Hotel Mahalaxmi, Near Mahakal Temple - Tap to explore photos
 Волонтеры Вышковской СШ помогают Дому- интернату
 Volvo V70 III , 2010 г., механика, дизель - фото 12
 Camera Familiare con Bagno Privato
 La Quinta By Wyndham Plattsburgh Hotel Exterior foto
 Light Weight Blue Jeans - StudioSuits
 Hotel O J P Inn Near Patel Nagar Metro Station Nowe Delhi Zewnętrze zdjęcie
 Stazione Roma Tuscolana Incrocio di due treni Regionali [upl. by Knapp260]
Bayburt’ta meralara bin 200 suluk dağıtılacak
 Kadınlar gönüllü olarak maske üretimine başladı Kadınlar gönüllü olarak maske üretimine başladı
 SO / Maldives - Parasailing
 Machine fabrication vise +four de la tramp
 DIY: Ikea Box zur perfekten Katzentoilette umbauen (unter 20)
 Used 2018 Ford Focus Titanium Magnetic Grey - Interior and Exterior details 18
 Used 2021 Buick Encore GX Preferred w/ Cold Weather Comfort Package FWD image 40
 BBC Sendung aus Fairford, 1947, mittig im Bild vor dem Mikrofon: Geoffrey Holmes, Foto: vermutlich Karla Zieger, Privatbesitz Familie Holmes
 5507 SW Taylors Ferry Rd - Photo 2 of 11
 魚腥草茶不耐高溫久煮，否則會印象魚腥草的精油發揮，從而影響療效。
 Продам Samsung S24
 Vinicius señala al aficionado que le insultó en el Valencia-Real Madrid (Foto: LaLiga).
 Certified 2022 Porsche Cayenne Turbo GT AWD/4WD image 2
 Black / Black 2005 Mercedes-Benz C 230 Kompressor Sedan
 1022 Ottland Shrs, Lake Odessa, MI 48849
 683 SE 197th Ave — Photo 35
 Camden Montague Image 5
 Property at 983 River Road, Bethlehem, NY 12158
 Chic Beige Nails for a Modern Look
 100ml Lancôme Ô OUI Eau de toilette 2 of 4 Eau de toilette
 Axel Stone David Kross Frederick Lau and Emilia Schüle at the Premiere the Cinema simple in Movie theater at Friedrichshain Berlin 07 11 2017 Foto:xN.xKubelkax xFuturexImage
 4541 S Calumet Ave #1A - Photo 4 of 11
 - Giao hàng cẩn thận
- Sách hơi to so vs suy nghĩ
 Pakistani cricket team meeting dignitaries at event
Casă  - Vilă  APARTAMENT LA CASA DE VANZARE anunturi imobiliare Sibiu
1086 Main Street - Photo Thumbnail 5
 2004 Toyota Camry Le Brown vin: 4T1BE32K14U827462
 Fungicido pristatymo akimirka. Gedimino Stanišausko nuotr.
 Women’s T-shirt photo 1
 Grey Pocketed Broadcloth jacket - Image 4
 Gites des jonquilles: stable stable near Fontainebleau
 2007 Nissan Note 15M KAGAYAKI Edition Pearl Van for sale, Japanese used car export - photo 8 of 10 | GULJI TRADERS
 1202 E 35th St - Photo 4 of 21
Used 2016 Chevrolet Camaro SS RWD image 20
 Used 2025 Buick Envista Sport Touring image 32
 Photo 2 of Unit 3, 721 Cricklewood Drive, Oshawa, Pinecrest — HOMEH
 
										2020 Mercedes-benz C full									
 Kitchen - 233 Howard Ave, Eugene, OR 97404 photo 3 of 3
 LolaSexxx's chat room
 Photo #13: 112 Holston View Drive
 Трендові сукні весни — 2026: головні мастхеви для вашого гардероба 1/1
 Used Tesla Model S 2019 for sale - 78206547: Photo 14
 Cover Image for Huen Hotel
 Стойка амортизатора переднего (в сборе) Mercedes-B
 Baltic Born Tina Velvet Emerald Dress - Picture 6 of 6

**Instructions for the task**
Filter the data for the string "Drive" and copy every line that has it.

**Reply to the exercise**
 Photo 2 of Unit 3, 721 Cricklewood Drive, Oshawa, Pinecrest — HOMEH
 Photo #13: 112 Holston View Drive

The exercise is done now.